What is the first thing to note as an essential in making the right choice? The answer surely is that long before the question of making a choice of one's partner arises, the right attitude should be present in one's mind. If it is, when the time for decision arrives, there will be some basis much more useful than mere infatuation or impulse to work upon. Even if the decision in some cases is a sudden one, it will really be the culmination of a long process, the fruition of something genuine and lasting. How can the right attitude be developed? The answer may be drawn from the Doctrines of the New Church so that there cannot be any mistake about it. It will grow just so far as there is the desire to make one's marriage the centre of "conjugial love," so that it becomes the "spiritual and heavenly union of two minds," choosing one's partner with that wonderful end in view.
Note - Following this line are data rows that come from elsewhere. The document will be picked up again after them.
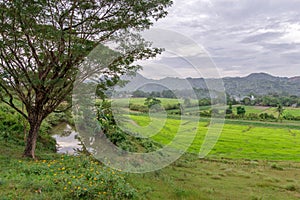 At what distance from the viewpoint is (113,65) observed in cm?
819

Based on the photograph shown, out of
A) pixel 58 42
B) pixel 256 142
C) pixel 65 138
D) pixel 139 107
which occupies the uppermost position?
pixel 58 42

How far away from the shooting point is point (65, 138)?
52.9ft

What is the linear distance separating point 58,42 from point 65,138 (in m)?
10.1

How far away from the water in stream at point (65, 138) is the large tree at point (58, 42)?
5.41m

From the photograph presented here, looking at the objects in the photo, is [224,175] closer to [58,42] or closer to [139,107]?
[139,107]

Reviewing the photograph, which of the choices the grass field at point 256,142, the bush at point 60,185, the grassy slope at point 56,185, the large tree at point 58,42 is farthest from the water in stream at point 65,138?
the bush at point 60,185

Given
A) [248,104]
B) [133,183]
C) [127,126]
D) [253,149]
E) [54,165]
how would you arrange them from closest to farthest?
[133,183]
[54,165]
[127,126]
[253,149]
[248,104]

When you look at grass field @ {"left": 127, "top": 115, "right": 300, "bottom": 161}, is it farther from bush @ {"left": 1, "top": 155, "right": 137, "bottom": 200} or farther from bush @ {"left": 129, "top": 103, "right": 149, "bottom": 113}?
bush @ {"left": 1, "top": 155, "right": 137, "bottom": 200}

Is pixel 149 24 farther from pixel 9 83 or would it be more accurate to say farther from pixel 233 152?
pixel 233 152

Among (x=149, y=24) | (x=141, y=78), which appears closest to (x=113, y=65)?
(x=141, y=78)

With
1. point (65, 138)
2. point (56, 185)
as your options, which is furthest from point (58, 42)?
point (65, 138)

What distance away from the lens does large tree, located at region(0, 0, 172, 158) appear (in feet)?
23.0

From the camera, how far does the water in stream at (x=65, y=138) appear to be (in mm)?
13348

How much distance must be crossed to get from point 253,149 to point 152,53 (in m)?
21.6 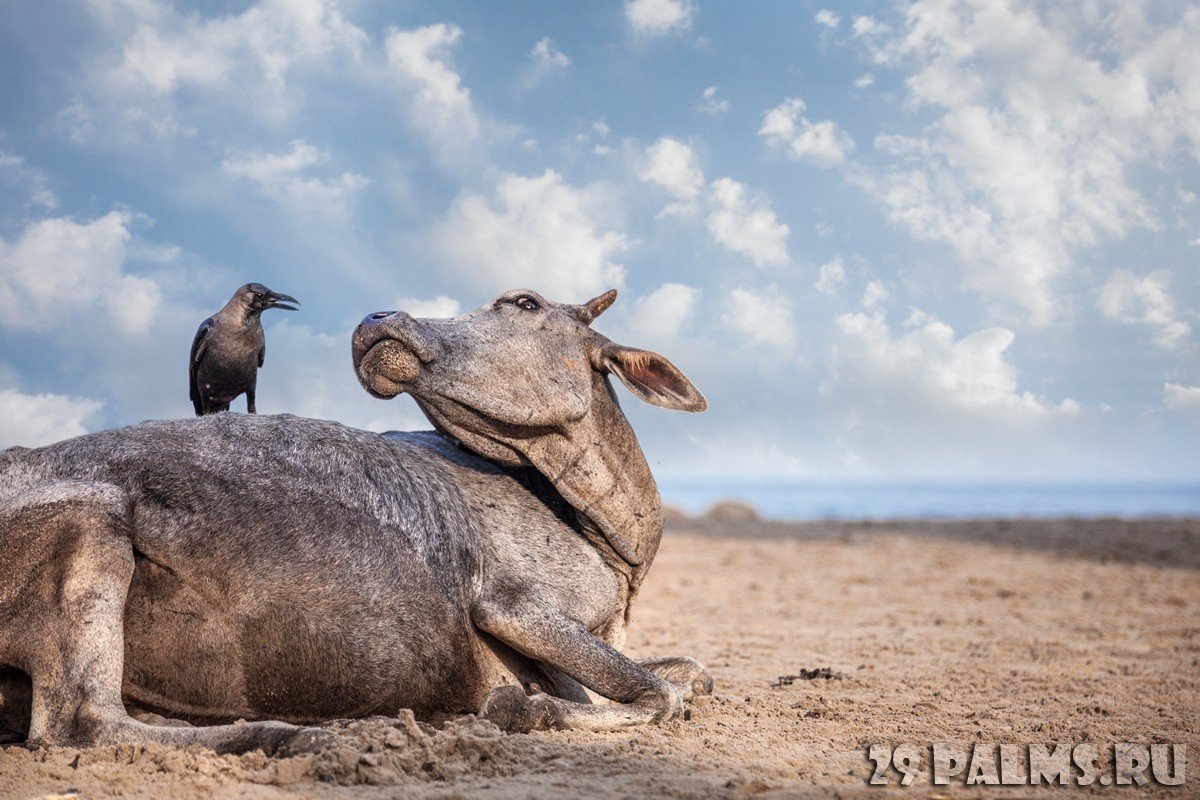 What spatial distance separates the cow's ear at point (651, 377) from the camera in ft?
16.7

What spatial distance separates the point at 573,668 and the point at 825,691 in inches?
80.0

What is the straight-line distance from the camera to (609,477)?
5109 millimetres

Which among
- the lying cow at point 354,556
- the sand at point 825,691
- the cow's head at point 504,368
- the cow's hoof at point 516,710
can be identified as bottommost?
the sand at point 825,691

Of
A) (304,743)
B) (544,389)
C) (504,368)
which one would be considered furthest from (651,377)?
(304,743)

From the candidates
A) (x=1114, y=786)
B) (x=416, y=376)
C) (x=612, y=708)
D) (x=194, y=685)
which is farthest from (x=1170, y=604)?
(x=194, y=685)

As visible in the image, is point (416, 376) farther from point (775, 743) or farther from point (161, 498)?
point (775, 743)

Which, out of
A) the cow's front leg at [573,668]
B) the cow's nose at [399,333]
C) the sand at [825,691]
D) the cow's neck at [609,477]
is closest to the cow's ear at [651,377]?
the cow's neck at [609,477]

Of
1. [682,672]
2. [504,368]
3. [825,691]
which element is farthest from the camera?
[825,691]

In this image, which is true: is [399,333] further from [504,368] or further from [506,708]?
[506,708]

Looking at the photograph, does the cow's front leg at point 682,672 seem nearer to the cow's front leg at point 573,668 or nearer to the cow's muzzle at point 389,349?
the cow's front leg at point 573,668

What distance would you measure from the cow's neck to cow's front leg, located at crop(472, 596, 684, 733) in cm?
64

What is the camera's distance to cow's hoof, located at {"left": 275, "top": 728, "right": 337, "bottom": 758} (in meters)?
3.57

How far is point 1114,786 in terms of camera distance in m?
4.01

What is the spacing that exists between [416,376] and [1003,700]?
3.64 meters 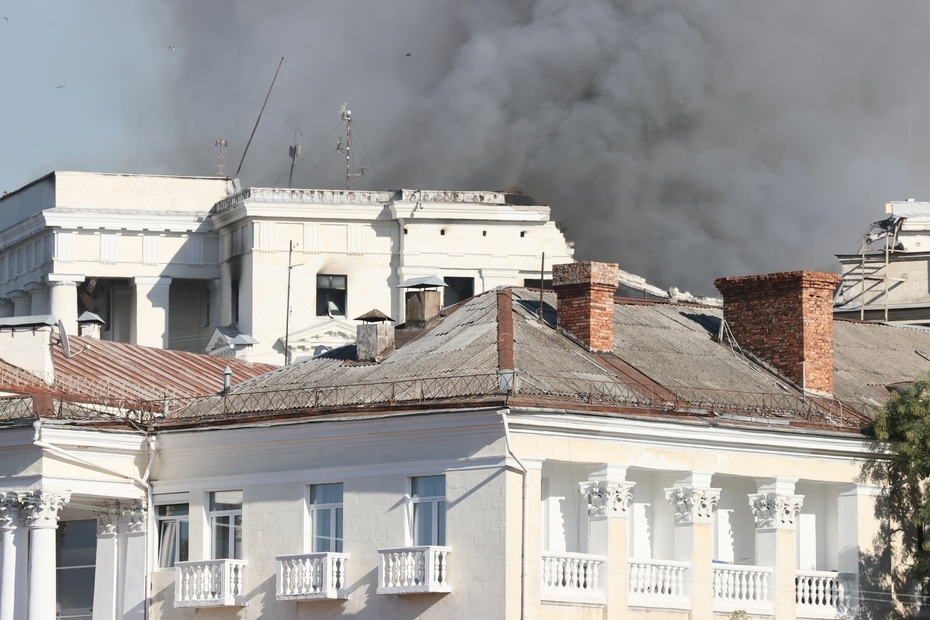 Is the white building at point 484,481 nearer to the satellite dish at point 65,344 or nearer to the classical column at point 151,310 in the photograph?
the satellite dish at point 65,344

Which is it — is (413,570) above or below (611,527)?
below

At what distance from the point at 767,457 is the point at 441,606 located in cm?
886

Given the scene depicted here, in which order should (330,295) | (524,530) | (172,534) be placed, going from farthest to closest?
(330,295)
(172,534)
(524,530)

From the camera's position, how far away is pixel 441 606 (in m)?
45.8

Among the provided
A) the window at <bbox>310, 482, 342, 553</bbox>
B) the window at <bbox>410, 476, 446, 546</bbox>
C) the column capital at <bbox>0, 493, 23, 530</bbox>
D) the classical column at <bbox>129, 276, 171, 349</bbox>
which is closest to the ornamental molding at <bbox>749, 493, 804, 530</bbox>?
the window at <bbox>410, 476, 446, 546</bbox>

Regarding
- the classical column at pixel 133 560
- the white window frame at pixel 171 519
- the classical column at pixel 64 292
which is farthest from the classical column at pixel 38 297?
the white window frame at pixel 171 519

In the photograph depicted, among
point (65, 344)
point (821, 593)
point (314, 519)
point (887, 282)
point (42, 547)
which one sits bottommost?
point (821, 593)

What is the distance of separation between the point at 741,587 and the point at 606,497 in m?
4.40

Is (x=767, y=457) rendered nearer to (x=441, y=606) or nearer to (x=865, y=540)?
(x=865, y=540)

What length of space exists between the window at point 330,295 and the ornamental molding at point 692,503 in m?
53.1

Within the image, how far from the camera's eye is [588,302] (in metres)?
52.3

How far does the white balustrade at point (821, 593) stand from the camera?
50375mm

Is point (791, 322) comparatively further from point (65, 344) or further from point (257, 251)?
point (257, 251)

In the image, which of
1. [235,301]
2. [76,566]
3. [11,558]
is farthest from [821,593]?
[235,301] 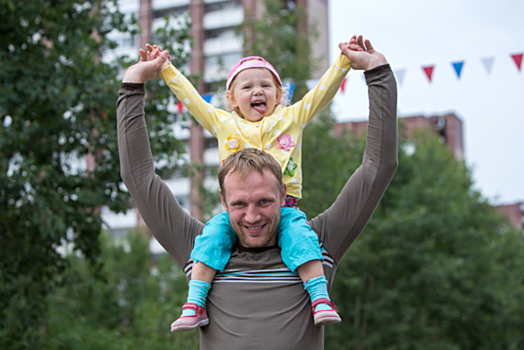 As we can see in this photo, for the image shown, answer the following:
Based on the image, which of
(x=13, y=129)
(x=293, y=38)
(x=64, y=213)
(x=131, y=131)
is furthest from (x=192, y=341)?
(x=131, y=131)

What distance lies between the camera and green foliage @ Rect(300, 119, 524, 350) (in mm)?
15086

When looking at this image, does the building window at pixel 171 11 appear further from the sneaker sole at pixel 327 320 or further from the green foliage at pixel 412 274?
the sneaker sole at pixel 327 320

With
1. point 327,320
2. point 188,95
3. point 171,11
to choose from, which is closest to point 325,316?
point 327,320

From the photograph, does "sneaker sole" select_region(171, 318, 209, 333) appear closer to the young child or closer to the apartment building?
the young child

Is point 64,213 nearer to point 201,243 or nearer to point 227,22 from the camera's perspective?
point 201,243

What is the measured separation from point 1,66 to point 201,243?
234 inches

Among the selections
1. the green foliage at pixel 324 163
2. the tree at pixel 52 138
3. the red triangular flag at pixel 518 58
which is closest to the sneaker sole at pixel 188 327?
the tree at pixel 52 138

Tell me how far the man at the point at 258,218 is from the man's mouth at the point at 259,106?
47cm

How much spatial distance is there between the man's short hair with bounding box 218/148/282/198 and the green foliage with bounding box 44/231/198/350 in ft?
21.0

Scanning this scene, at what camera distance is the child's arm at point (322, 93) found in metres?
2.52

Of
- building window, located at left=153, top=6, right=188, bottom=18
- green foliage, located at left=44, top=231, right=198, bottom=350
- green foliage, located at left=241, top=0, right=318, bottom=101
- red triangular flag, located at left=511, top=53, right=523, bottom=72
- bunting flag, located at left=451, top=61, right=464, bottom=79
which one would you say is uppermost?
building window, located at left=153, top=6, right=188, bottom=18

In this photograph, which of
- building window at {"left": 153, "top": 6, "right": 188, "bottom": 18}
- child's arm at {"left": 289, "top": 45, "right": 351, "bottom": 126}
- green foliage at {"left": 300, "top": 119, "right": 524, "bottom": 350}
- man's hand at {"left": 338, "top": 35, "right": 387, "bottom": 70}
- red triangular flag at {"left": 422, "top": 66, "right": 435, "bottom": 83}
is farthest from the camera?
building window at {"left": 153, "top": 6, "right": 188, "bottom": 18}

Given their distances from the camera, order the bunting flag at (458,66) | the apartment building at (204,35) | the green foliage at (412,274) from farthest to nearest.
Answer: the apartment building at (204,35)
the green foliage at (412,274)
the bunting flag at (458,66)

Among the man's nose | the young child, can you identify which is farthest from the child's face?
the man's nose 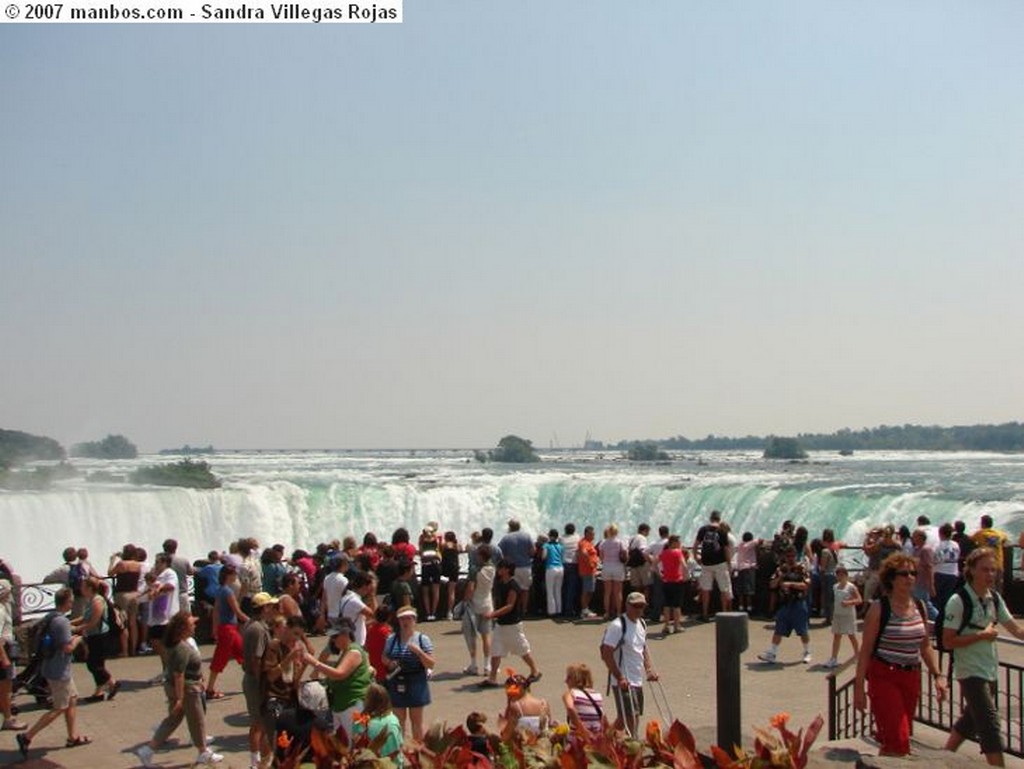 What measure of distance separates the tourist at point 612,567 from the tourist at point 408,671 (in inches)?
229

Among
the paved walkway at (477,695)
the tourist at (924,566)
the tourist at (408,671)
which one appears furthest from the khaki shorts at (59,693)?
the tourist at (924,566)

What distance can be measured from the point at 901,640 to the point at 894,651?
0.07m

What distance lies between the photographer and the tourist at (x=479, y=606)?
422 inches

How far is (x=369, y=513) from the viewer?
35.9 m

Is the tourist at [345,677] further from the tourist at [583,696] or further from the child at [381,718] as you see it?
the tourist at [583,696]

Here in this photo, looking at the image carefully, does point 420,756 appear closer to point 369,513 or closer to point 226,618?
point 226,618

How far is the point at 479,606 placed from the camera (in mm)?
10789

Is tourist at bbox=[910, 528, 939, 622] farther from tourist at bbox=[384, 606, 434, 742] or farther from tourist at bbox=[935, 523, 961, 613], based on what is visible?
tourist at bbox=[384, 606, 434, 742]

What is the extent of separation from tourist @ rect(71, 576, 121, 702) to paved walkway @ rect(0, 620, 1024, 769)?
0.18m

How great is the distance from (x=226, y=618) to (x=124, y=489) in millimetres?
26266

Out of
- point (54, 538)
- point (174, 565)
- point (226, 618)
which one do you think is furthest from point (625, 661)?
point (54, 538)

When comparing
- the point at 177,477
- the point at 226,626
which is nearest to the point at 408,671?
the point at 226,626

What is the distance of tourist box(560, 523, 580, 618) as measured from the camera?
1423 centimetres

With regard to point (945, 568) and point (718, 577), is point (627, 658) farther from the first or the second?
point (945, 568) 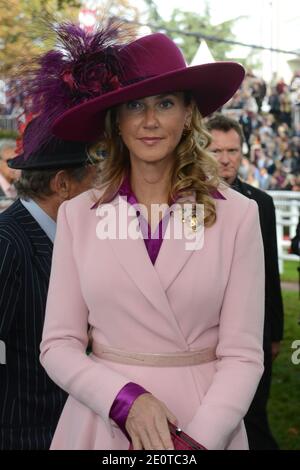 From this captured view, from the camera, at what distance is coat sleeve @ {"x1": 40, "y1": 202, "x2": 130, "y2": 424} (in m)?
2.25

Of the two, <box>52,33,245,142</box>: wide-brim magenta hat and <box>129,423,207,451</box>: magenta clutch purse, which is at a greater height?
<box>52,33,245,142</box>: wide-brim magenta hat

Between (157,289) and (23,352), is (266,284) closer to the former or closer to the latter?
(23,352)

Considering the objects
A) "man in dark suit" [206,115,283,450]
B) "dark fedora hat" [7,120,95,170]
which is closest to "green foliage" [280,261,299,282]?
"man in dark suit" [206,115,283,450]

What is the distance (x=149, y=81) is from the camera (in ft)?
7.61

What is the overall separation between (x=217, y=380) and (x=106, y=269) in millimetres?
440

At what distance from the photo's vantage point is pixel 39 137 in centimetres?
280

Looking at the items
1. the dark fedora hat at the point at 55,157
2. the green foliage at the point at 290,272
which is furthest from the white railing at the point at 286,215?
the dark fedora hat at the point at 55,157

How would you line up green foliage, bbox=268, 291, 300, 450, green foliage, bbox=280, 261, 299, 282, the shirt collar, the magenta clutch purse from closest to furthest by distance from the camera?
1. the magenta clutch purse
2. the shirt collar
3. green foliage, bbox=268, 291, 300, 450
4. green foliage, bbox=280, 261, 299, 282

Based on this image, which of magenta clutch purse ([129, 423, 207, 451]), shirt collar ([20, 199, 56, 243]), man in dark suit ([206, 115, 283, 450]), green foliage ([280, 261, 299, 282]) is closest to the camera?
magenta clutch purse ([129, 423, 207, 451])

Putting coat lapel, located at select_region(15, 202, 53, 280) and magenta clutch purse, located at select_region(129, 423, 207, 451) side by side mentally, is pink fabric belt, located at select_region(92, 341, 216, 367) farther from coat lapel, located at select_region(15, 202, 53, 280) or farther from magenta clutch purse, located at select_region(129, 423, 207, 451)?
coat lapel, located at select_region(15, 202, 53, 280)

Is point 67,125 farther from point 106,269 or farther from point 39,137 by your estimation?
point 106,269

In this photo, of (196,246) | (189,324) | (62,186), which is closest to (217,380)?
(189,324)

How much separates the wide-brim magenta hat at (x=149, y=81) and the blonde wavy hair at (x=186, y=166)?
7 centimetres

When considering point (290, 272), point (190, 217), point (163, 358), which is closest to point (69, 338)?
point (163, 358) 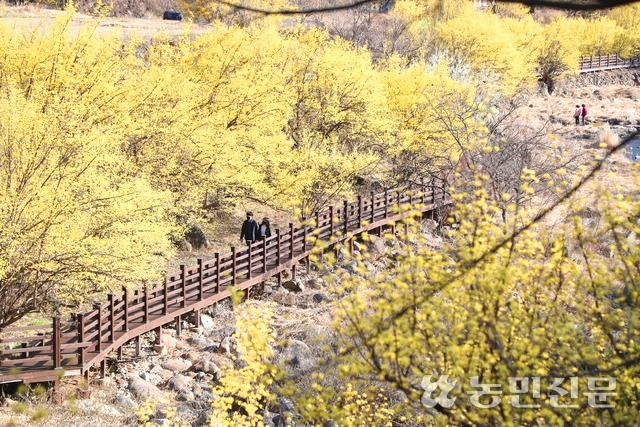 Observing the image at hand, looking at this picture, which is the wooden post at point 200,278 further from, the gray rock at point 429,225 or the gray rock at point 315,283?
the gray rock at point 429,225

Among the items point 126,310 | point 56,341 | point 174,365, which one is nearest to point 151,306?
point 126,310

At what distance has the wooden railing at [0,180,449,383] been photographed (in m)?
11.6

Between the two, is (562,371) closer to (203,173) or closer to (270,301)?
(270,301)

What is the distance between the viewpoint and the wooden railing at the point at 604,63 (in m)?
57.6

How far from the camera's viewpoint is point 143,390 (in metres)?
12.6

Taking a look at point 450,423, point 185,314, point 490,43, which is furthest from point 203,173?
point 490,43

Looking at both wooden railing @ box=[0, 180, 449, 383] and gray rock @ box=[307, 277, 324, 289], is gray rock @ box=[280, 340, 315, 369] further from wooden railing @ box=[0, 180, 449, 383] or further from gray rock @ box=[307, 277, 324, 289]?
gray rock @ box=[307, 277, 324, 289]

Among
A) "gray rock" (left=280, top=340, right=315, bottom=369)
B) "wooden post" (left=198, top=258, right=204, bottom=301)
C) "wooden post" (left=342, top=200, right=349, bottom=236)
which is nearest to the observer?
"gray rock" (left=280, top=340, right=315, bottom=369)

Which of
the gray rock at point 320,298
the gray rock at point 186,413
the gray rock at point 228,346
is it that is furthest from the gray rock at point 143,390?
the gray rock at point 320,298

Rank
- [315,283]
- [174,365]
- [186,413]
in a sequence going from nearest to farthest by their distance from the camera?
[186,413] < [174,365] < [315,283]

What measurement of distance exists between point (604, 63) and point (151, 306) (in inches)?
2081

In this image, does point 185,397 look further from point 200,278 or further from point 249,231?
point 249,231

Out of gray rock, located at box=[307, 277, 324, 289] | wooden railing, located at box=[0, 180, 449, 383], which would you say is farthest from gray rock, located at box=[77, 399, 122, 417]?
gray rock, located at box=[307, 277, 324, 289]

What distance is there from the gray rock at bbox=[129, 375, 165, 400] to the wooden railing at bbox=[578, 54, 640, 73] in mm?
49310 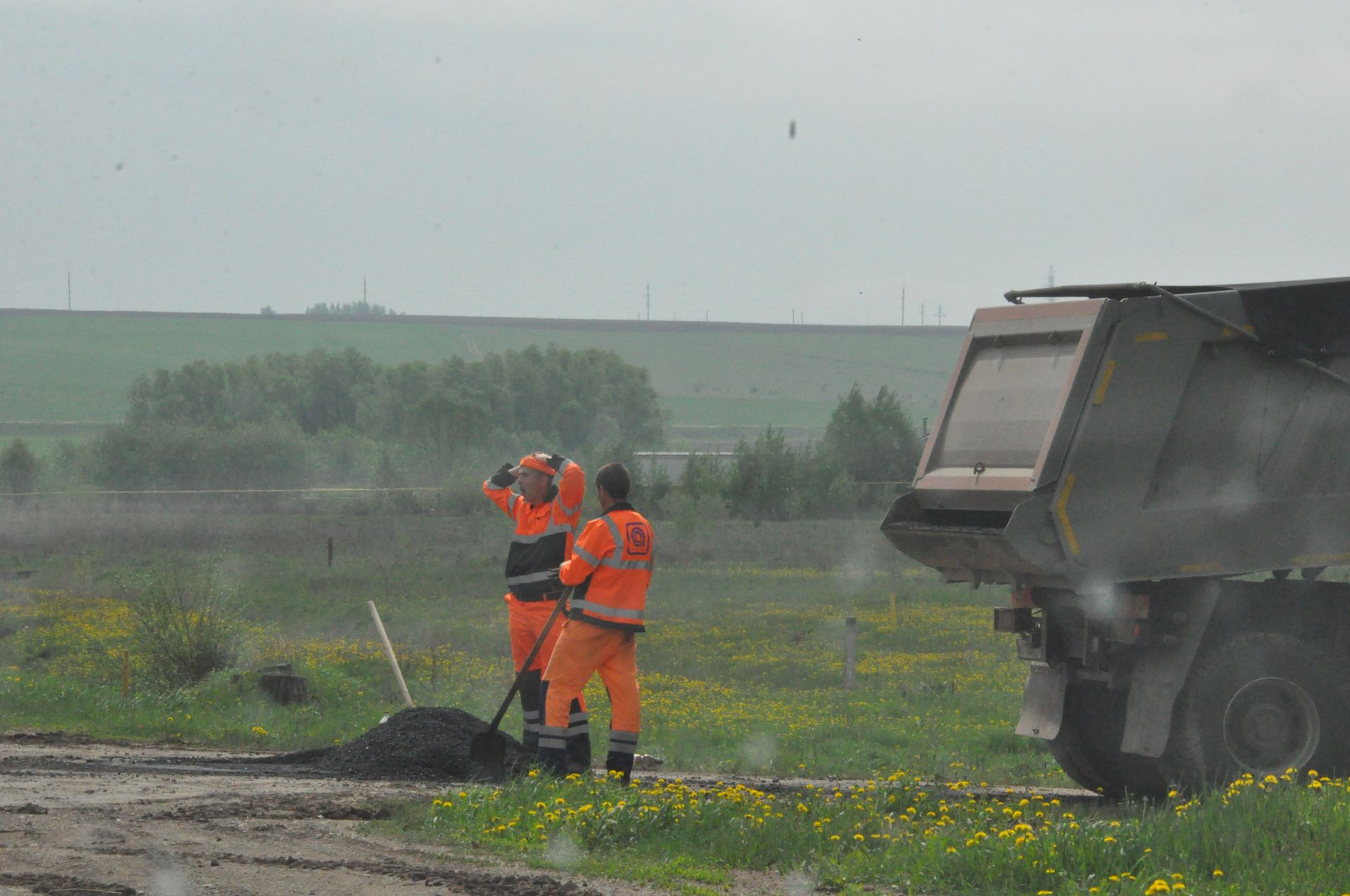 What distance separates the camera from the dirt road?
6.01 m

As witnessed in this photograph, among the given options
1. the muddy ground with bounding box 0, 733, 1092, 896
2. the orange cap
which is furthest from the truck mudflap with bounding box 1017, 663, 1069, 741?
the orange cap

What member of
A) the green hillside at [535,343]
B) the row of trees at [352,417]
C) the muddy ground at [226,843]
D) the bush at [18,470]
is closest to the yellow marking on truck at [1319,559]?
the muddy ground at [226,843]

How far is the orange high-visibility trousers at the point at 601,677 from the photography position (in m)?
8.33

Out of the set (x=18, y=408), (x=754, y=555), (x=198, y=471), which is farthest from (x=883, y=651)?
(x=18, y=408)

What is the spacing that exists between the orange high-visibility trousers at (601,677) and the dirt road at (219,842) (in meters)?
0.86

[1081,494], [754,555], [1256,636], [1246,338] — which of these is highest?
[1246,338]

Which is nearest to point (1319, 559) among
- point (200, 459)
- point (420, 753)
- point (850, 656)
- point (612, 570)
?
point (612, 570)

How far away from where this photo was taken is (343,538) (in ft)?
112

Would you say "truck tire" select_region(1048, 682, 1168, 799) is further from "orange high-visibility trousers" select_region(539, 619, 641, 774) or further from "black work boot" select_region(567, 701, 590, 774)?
"black work boot" select_region(567, 701, 590, 774)

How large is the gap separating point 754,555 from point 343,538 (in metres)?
9.41

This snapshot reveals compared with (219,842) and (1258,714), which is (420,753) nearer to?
(219,842)

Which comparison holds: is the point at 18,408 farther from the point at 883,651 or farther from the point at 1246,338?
the point at 1246,338

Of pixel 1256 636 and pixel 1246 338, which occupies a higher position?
pixel 1246 338

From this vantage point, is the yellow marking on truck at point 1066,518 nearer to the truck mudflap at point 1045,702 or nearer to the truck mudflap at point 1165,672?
the truck mudflap at point 1165,672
Everyone can see that this implies that each individual must make his or her own choice, for "consent makes marriage" (CL 299) and yet at the same time, such a choice should never, for example, be a wilful wrong-headed defiance of a too strict parental control, or made from any other motive of a similar kind. It is not possible to legislate for every case, but wise judgment does indicate that the people getting married should always make the final decision themselves, and yet should seek advice from those who know them well and will help them, in the vast majority of cases from their parents.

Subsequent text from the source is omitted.